- [Problem]
Pictures are not part of the answer. Return the lines from the one containing "Avikalp MWZ1944 Pink" through the end of the data, both included, exactly as they appear.

- [Collected data]
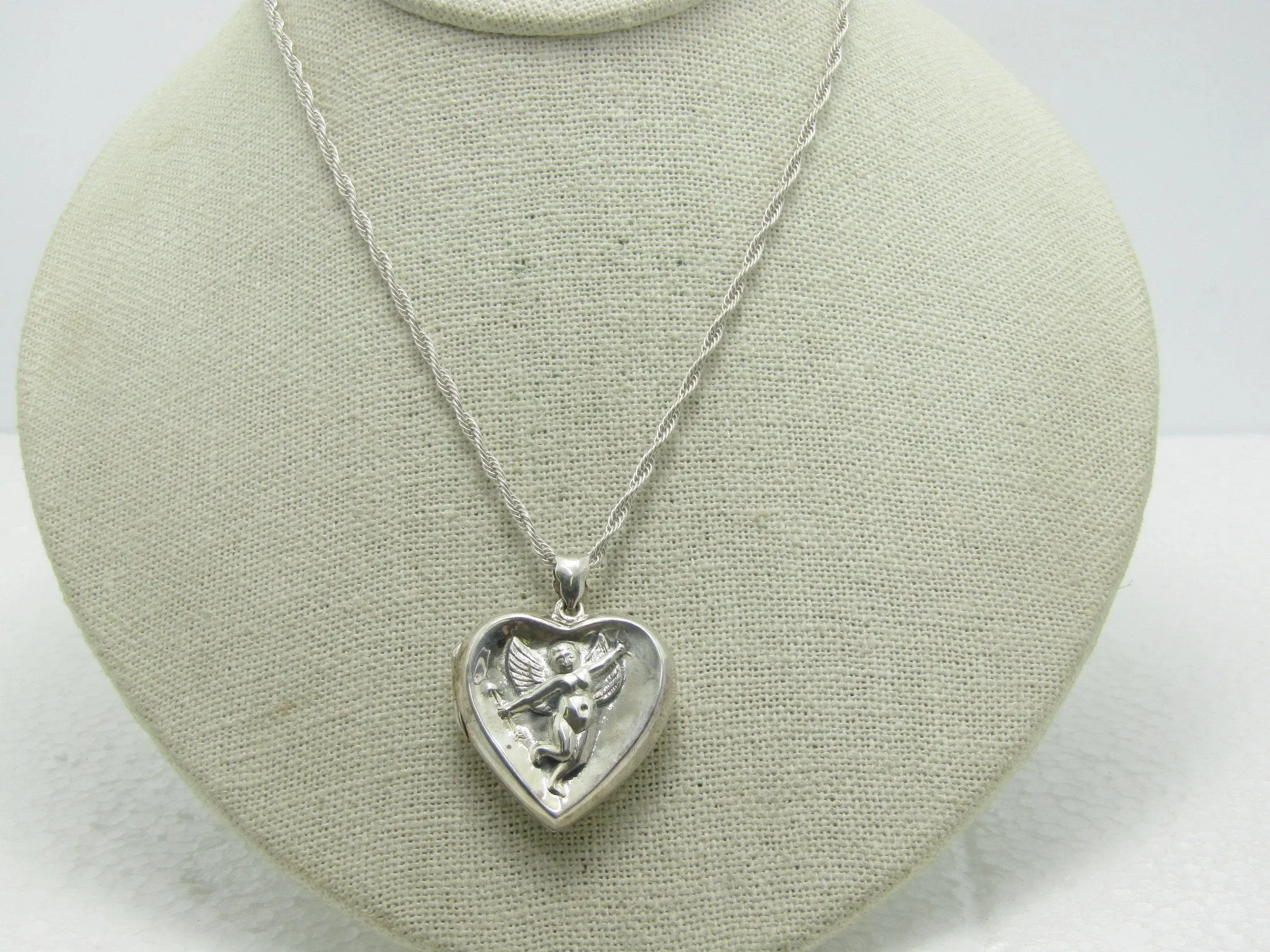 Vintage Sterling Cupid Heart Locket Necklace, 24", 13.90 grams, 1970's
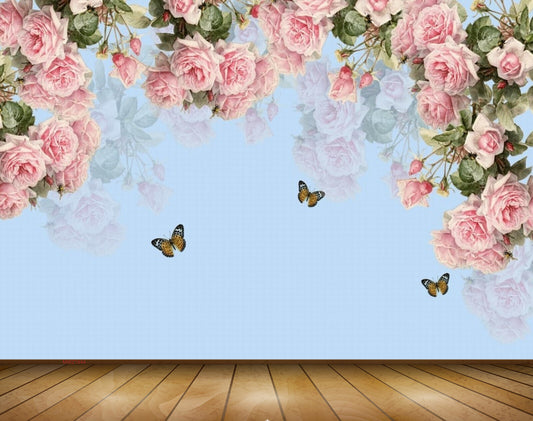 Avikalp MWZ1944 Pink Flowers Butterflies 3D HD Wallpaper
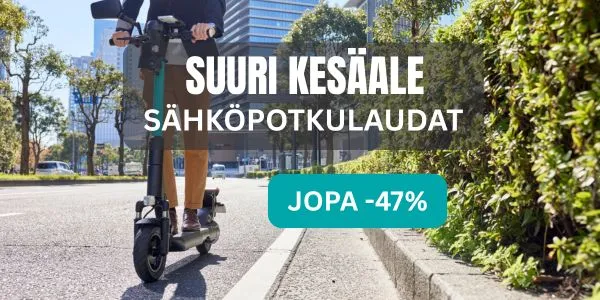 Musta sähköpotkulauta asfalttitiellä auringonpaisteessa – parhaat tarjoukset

- [Output]
 Avikalp MWZ1944 Pink Flowers Butterflies 3D HD Wallpaper
 Musta sähköpotkulauta asfalttitiellä auringonpaisteessa – parhaat tarjoukset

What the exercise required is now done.